**Data for processing**

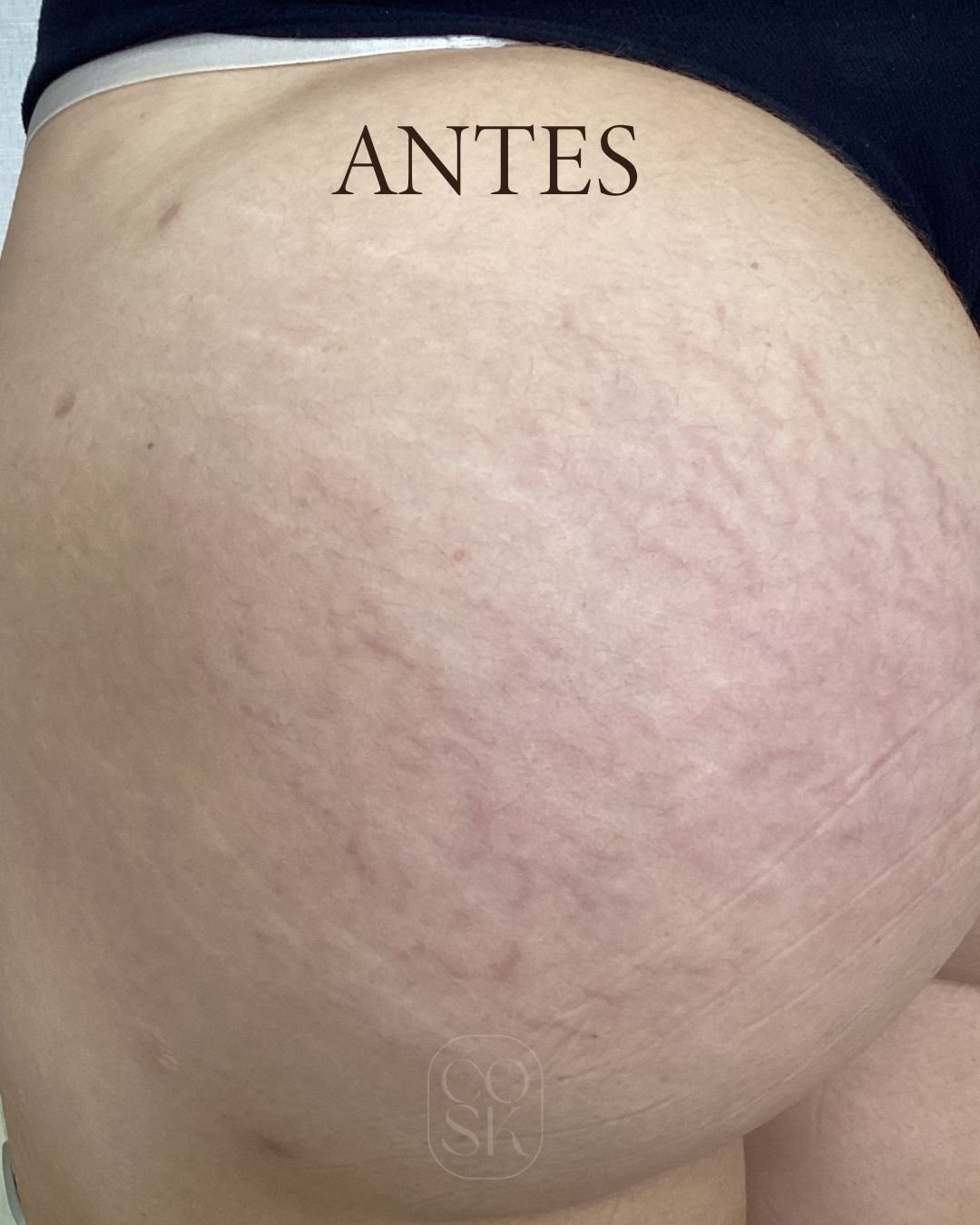 Antes del tratamiento de estrías en glúteos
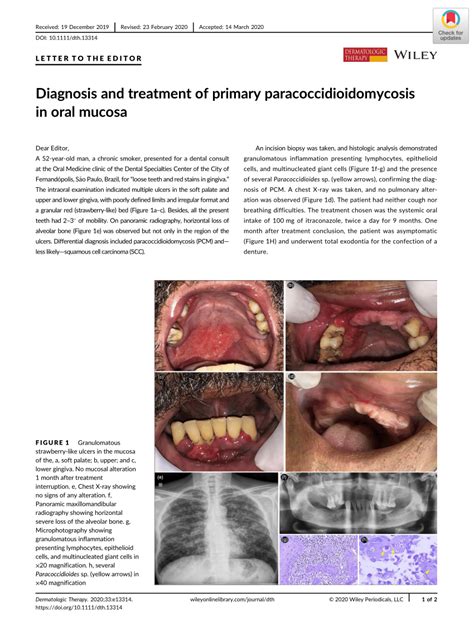 Pdf Diagnosis And Treatment Of Primary Paracoccidioidomycosis In Oral
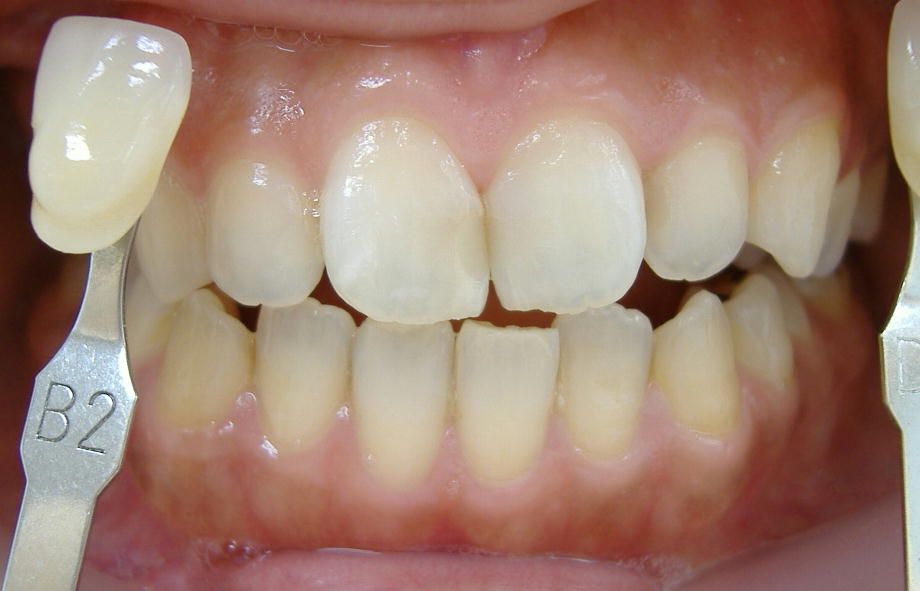 �U���E�E�W�F���P�{�I��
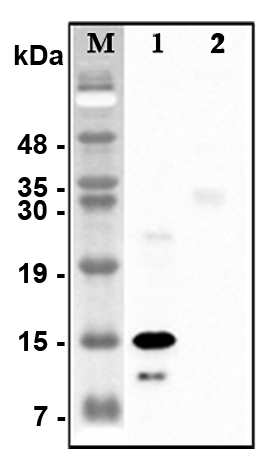 Western blot analysis of recombinant human CTRPs using anti-CTRP5 (human), pAb (Prod. No. AG-25A-0116) at 1:4,000 dilution.1: Recombinant human CTRP5 protein (His-tagged).2: Unrelated recombinant protein (His-tagged).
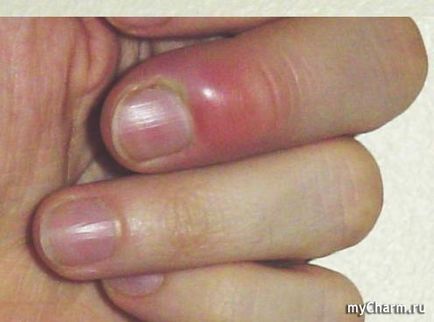 bőrbetegség a kéz és a körmök Group manikűr, pedikűr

**Task requirements**
An exact, word-for-word copy of the records is expected, with no pictures in it.

**Answer for this exercise**
 Antes del tratamiento de estrías en glúteos
 Pdf Diagnosis And Treatment Of Primary Paracoccidioidomycosis In Oral
 �U���E�E�W�F���P�{�I��
 Western blot analysis of recombinant human CTRPs using anti-CTRP5 (human), pAb (Prod. No. AG-25A-0116) at 1:4,000 dilution.1: Recombinant human CTRP5 protein (His-tagged).2: Unrelated recombinant protein (His-tagged).
 bőrbetegség a kéz és a körmök Group manikűr, pedikűr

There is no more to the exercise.